(Source material Opens)
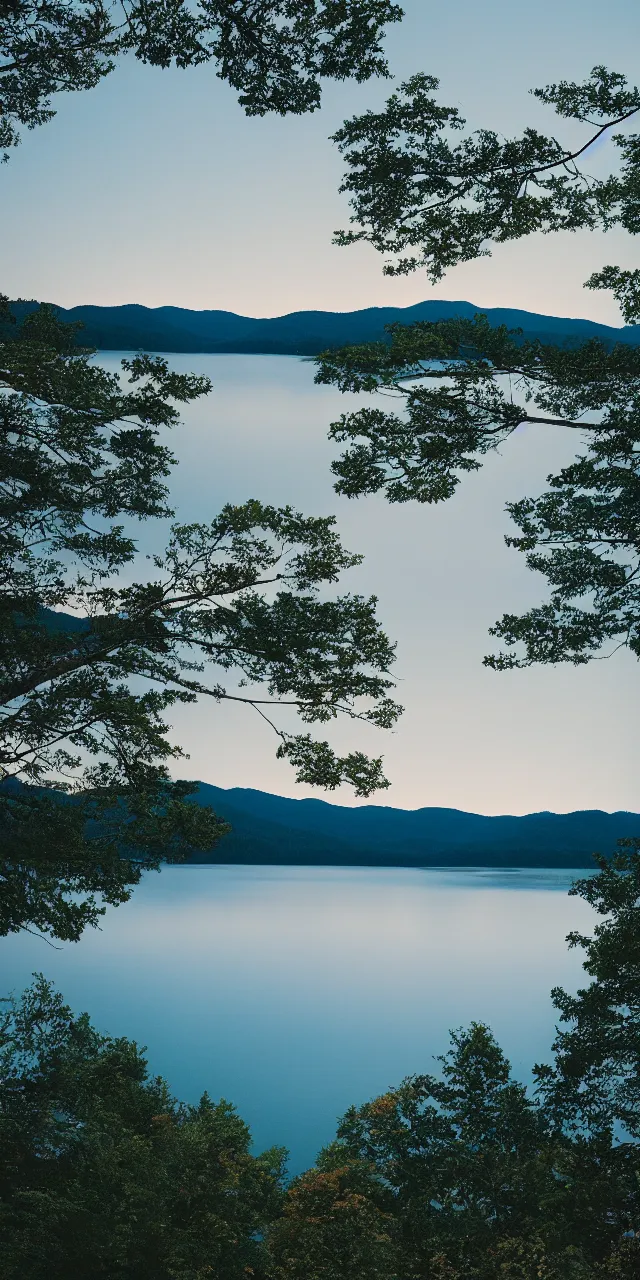 Prompt: photo of lake keowee, scenic, beautiful, cinematic, cinestill 8 0 0 t film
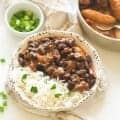 Reveling in a delectable bowl of Jamaican stew peas with coconut rice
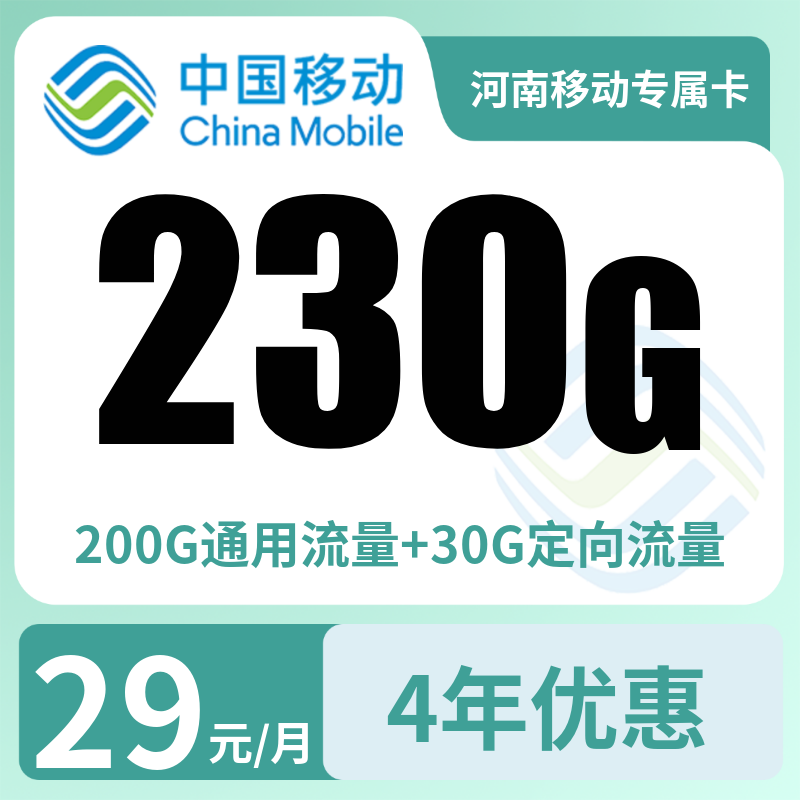 河南移动专属卡29元230G+300分钟【只发河南】
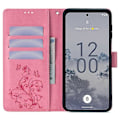 Miniatyrbild 2 av 5: Nokia X30 5G Skal med Handledsrem Plånboksfodral Flip PU Läder Fjäril Blomma Mobilskal Multicolor Multicolor Style C
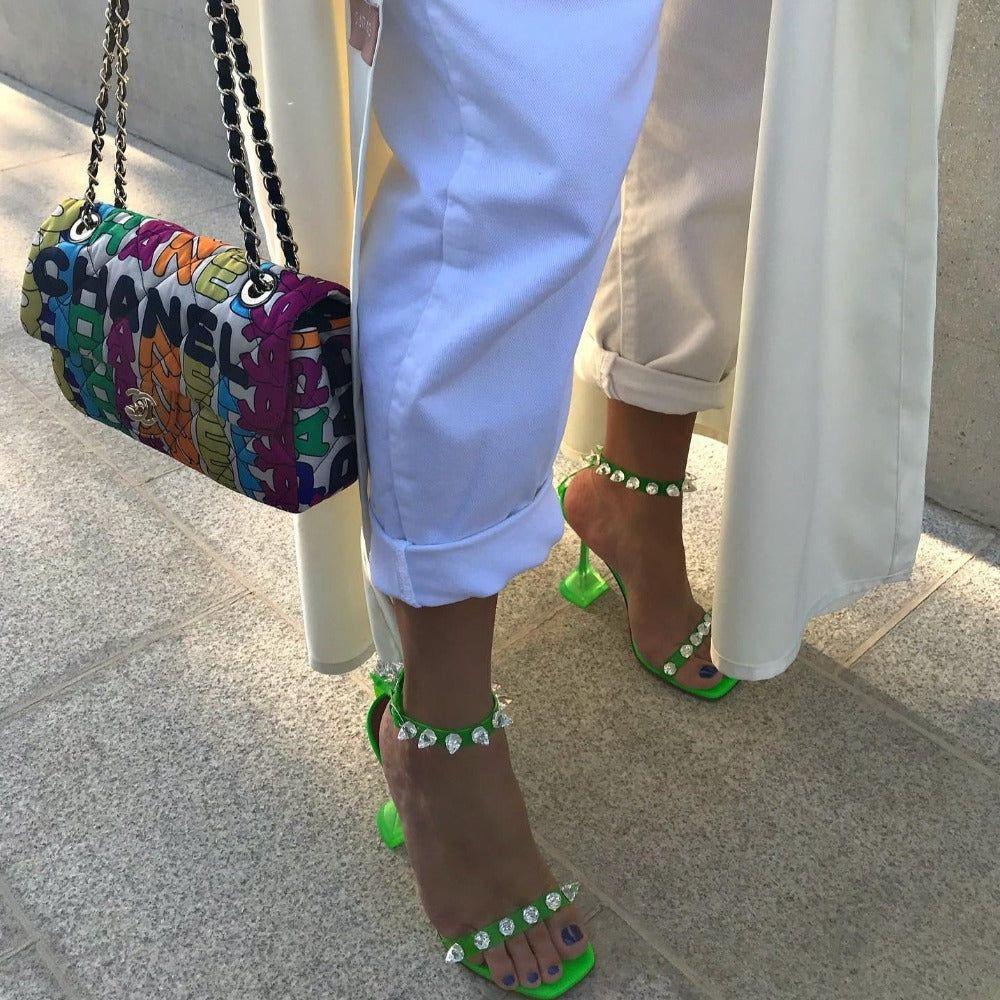 Showing Up Pyramid Green Sandals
(Source material Closes)
Prompt – Print the whole listing exactly, please, and keep any images out of it.

The completed task –
 Prompt: photo of lake keowee, scenic, beautiful, cinematic, cinestill 8 0 0 t film
 Reveling in a delectable bowl of Jamaican stew peas with coconut rice
 河南移动专属卡29元230G+300分钟【只发河南】
 Miniatyrbild 2 av 5: Nokia X30 5G Skal med Handledsrem Plånboksfodral Flip PU Läder Fjäril Blomma Mobilskal Multicolor Multicolor Style C
 Showing Up Pyramid Green Sandals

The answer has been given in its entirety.